Making an API with Datasette and Glitch
Our end goal - or one of our end goals - is to get the material out of the museum, out of the printed page, and online where someone can query it, filter it, extract items of interest, mash it together with other data, or something else entirely that we haven’t thought of yet. That means, we need to build an API. If you go to the Canada Science and Technology Museum open data portal, you’ll see that they’ve made data available, but it’s one big dump of data. We can download it, but then it’s on our own machines and it is difficult to work with. If they update the data, we’ll have to re-download it, and re-do all of our cleaning or filtering. If there was an API, and we were working with data from the API, we’d get the changes in data as soon as they updated.
So let’s build our own API.
Grab some data
First thing we’re going to do is grab some data that already exists in the world. (Eventually, we’ll use your data!)
- Get data from the CSTM open data portal. (Or download here).
- Open the csv in sublime text or another text editor.
- How is the data organized? Notice that the fields are delimited using the | (aka, ‘the pipe’) character. Close the file.
- Start up Excel. Create a new document, then go to file > import and select ‘csv’. Select the CSTM csv file.
- Select ‘delimited’ when it asks you how the fields should be determined.
- Select the ‘other’ option, and type a | in there so Excel knows how to import. Click ok.
- Now go to ‘save as’ and select ‘csv’. Give the file a new name so you don’t do anything to the original file, like ‘cstm-new.csv’.
Why did we do this? By importing and then saving the data, we transformed the data slightly. The act of ‘saving as’ wrapped quotation marks around all of the text in each field in the data - otherwise, a comma in a written description, or a semi-colon, or another punctuation mark might be read as a field marker and so break our data. Importing and saving as also transformed all of the pipes into commas so that the only commas in the data now are column (field) delimiters.
Datasette
A tool for exploring and publishing data
Datasette is a tool for exploring and publishing data. It helps people take data of any shape or size and publish that as an interactive, explorable website and accompanying API.
Datasette is aimed at data journalists, museum curators, archivists, local governments and anyone else who has data that they wish to share with the world. It is part of a wider ecosystem of tools and plugins dedicated to making working with structured data as productive as possible.
<br> <span class="author">— Datasette</span>
Publishing and exploring data: check! That’s exactly what we want.
Now, Datasette can be installed on your own machine, which can be fiddly and requires a fair degree of fluency with working at the command prompt or in the terminal. (If you did install it locally, you can also do a lot of customization, but that’s a task for some other day). We’re not going to do that today, because a kind soul, Simon Willison, made a template for us to use on the collaborative live-coding website Glitch. This template contains everything within it that we need to get a table of data online via an API and website where we can also manually query it.
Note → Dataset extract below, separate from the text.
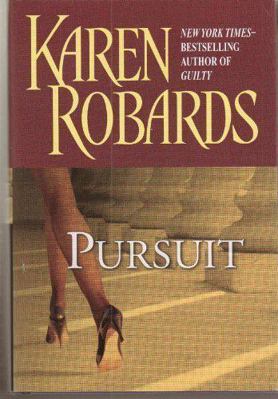 Pursuit LARGE PRINT (Doubleday Large Print Home... B01FKTRW42 Book Cover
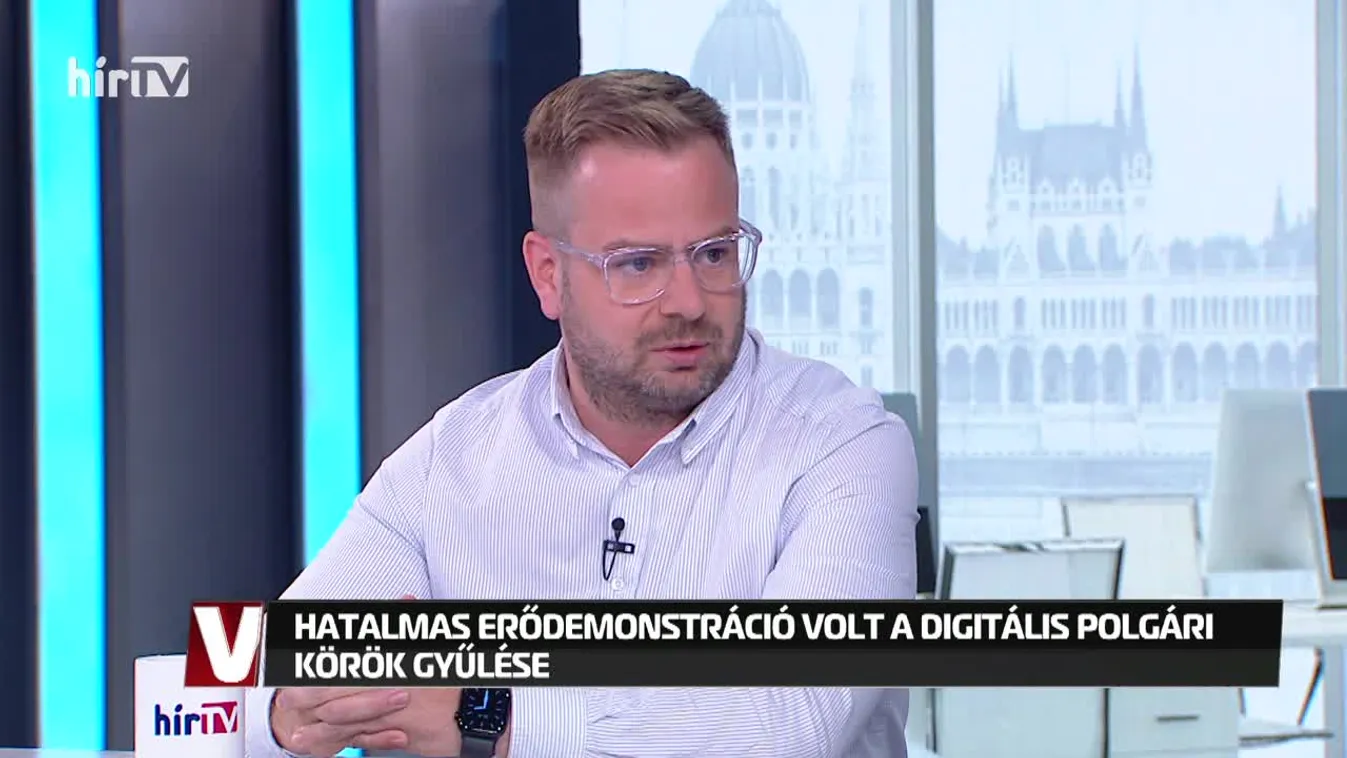 Vezércikk - Áradt a gyűlölet a gyűlöletellenes demonstráción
- Make sure you’re logged into Github; this is not strictly speaking necessary, but it will make finding your work again later much easier.
- Click on this remix link
- This takes you to the code page for the datasette template; in the top right hand side of the screen is a login button; select that, and select github.
- You should now be back at the datasette template, and be logged in. The next time you go to glitch.com and login, your datasette template will be listed.
- Drag and drop the ‘cstm-new.csv’ file onto the list of files on the left hand side of the glitch coding window. It will upload your data into the template. Wait until everything calms down.
- Where it says ‘show’ at the top of the window (with the sunglasses icon), hit the drop-down menu and select ‘new window’
Ta da! Your data is now live, on the web, as an API.
Now, a good API also has to be documented properly, so that people know what the different fields are and how to get the data out in the format that they want (eg, do you spot how to get the data out as .json or .csv by adding something to the URL?). In our case, you’d want to draw on the data dictionary for the CSTM.
Here’s and example of the documentation for the Aukland Museum. If you go to their ‘insights’ page you’ll see some data visualizations of their collection, obtained by querying their API.
Now, in case something went wrong, here is my version of the CSTM data in datasette. Try building a query from the drop-down menus that retrieves every object made in Quebec before 1940.
Going further: writing some code to interact with our API
Every field can be queried, and complex queries can be written, using the various facets and the query builder on our webpage. But we can also do that by writing the query directly in the URL; once we have the url, we can write scripts that for instance download just the information we want.
If you go to this github repo of mine you’ll see a button that says ‘launch binder’. If you hit that button, the Binder service will create a virtual computer for you that can run our code (this saves you from having to install a bunch of things on your own computer). Don’t do that yet.
Instead, just take a look at this static version of the ‘retrieving data from our datasette api’ notebook.
The first cell tells the computer that we want to use a little package of python code called ‘requests’ that makes it easier to work with webpages.
The next cell creates a variable called api_search_url
that has the full path to our API plus the little bit that says, ‘hey, give us the results as json please’.
The next cell creates a parameter for our search, and uses a key:value pair that should be fairly clear - that is, we tell it what field we’re interested in, and what text we want to find there.
In the fourth cell, we add some more parameters that we want to use to narrow everything down.
The fifth cell is a check to make sure that our code builds the query url correctly and then tests it to see if our API returns an ‘ok’ signal.
Then, the cell that says data = respons.json()
does the work of going and getting the results; the next cell displays the results for us, and the final cell writes it all to file!
Now, if you hit the ‘launch binder’ button, you can load up the notebook and run the code for yourself, and experiment with changing up the parameters.